GIVEN DATA
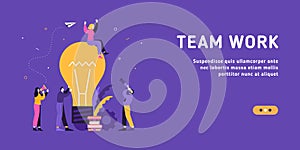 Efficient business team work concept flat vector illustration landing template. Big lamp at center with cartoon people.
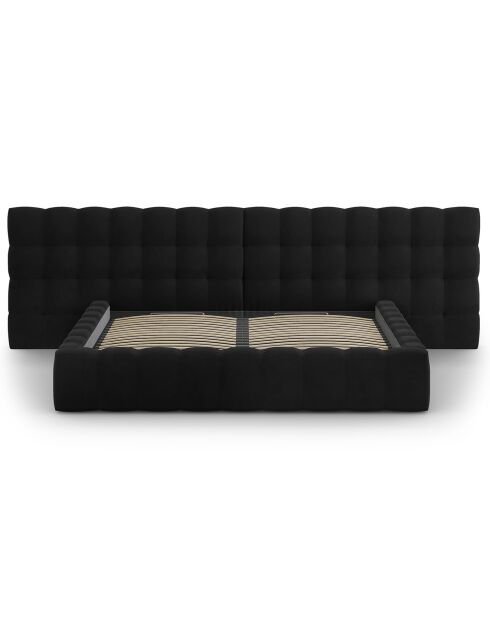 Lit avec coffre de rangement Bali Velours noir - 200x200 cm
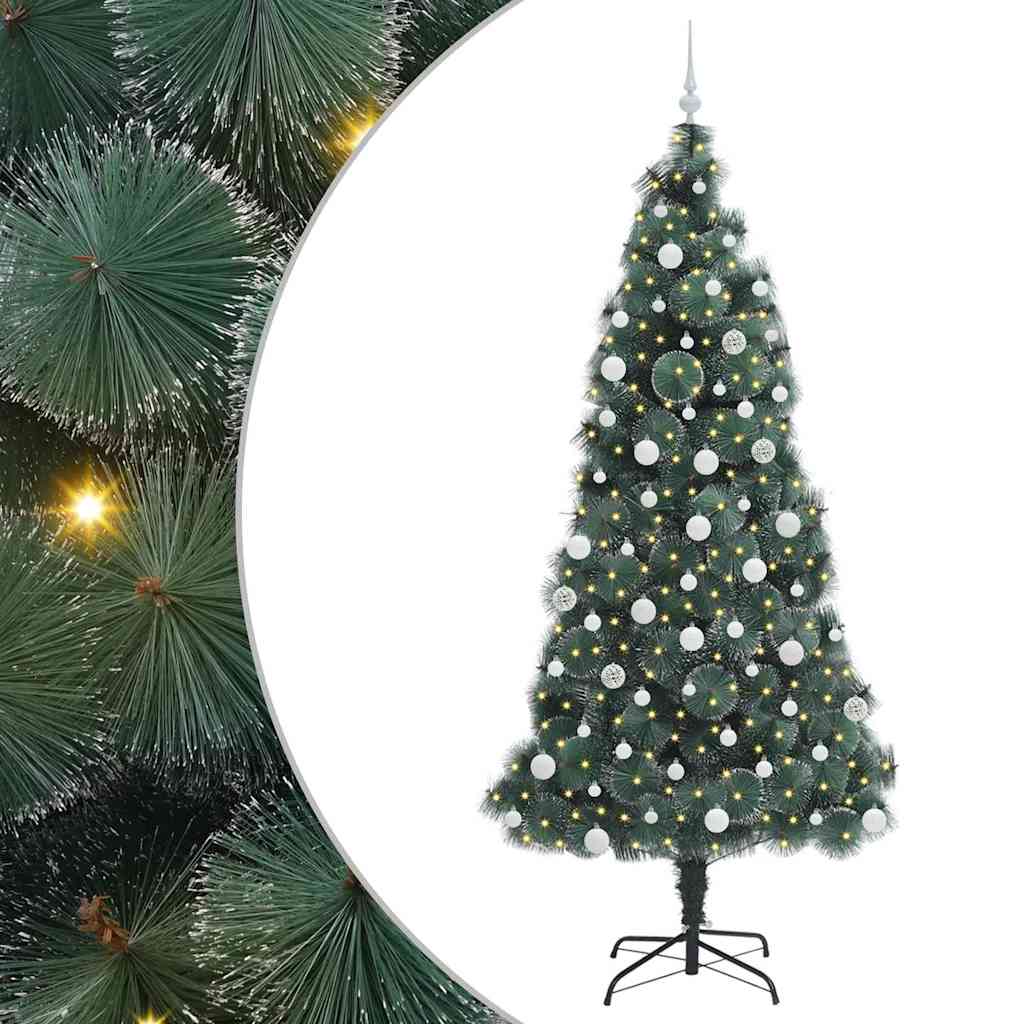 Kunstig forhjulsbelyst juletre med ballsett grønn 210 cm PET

TASK PROMPT
Your answer must be the lines from the line containing "Lit avec coffre" through the final line of the data, written out exactly, both ends included and pictures left out.

SOLUTION TO THE EXERCISE
 Lit avec coffre de rangement Bali Velours noir - 200x200 cm
 Kunstig forhjulsbelyst juletre med ballsett grønn 210 cm PET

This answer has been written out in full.